Medellin est présentée unanimement comme un cas d’école de ville globale. Que pouvez-vous nous en dire, et quelles leçons pour les villes africaines ?

Que dire de Medellin ? Quand vous y avez été, vous revenez avec le sentiment que les ressources dont regorge notre pays auraient normalement permis d’atteindre moins le niveau de développement urbain qu’on y découvre. Rien n’est d’ailleurs perdu au regard du parcours exceptionnel de Medellin, la deuxième ville de Colombie et la ville la plus innovante du monde selon les organes spécialisés de l’ONU !

Tenez, il y a 20 ans, Medellin était une ville en proie au narcotrafic et à une criminalité extraordinaire. Aujourd’hui, telle que nous avons pu le voir, l’extraordinaire est toujours là, mais surtout pour parler de la transformation sociale et urbaine qui s’est opérée en deux décennies. Cette transformation a eu lieu grâce (et c’est le Président Colombien qui le disait lors de la cérémonie d’ouverture du Forum urbain mondial) au leadership magnifique des 3 maires qui se sont succédés à la tête de la ville. Pour apprécier cette transformation sociale, il suffit de prendre un taxi et vous êtes immédiatement contaminé par l’amour et l’enthousiasme qui jaillit des conversations de citoyens intimement convaincus que les édiles municipaux travaillent pour le bien de la cité.
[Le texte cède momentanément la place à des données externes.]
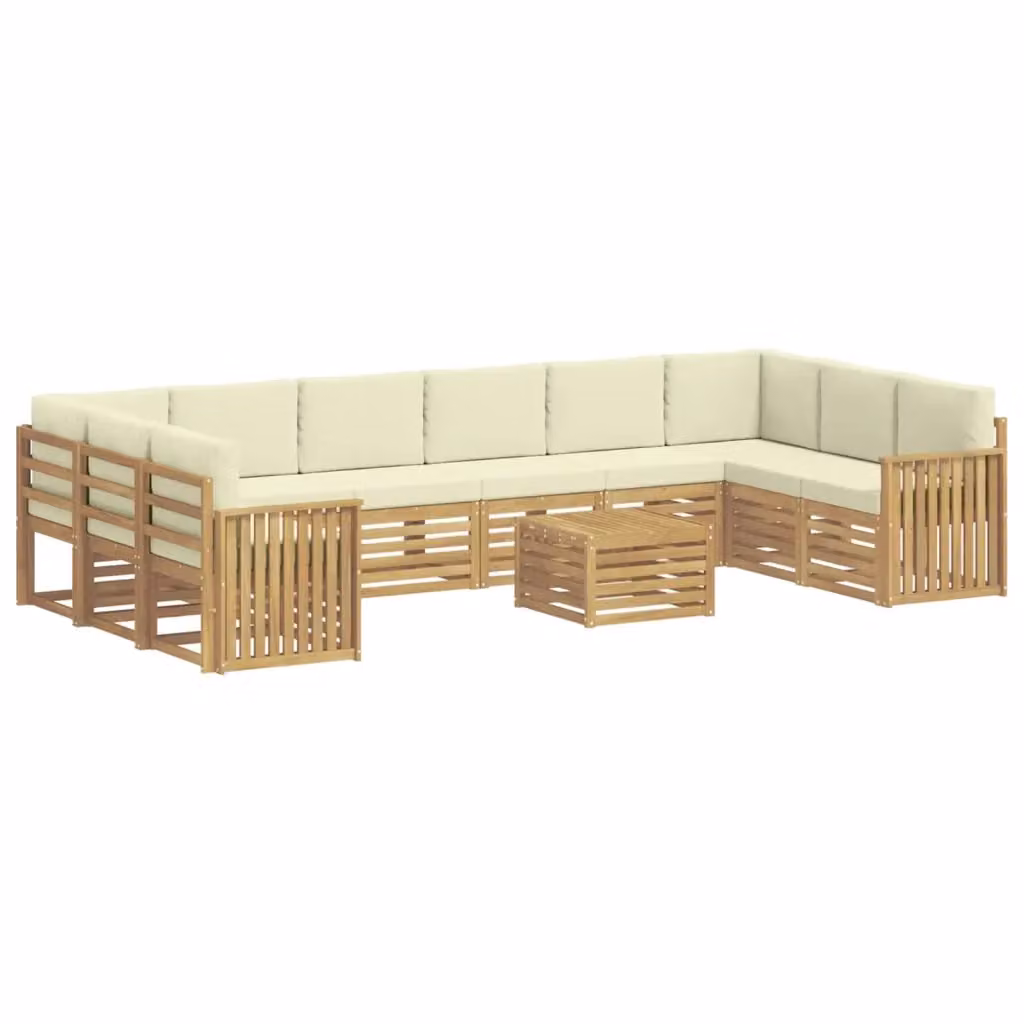 Set di divani da esterno vidaXL in legno di acacia con cuscini, bianco e beige, 11 pezzi – 2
Pour ce qui concerne les villes africaines, elles semblent globalement étouffer sous la pression d’une urbanisation désordonnée et majoritairement peu prospective. On ne peut pas décréter ces importantes transformations urbaines qui exigent la magie des changements personnels et collectifs. La réussite de cette explosion urbaine que toutes les statistiques soulignent dépendra fatalement de la qualité des leaders que nous porterons à la tête de nos villes, des leaders qui démontreront une capacité à fédérer toutes les énergies « éparpillées » dans nos villes, pour en faire de vraies ressources de développement.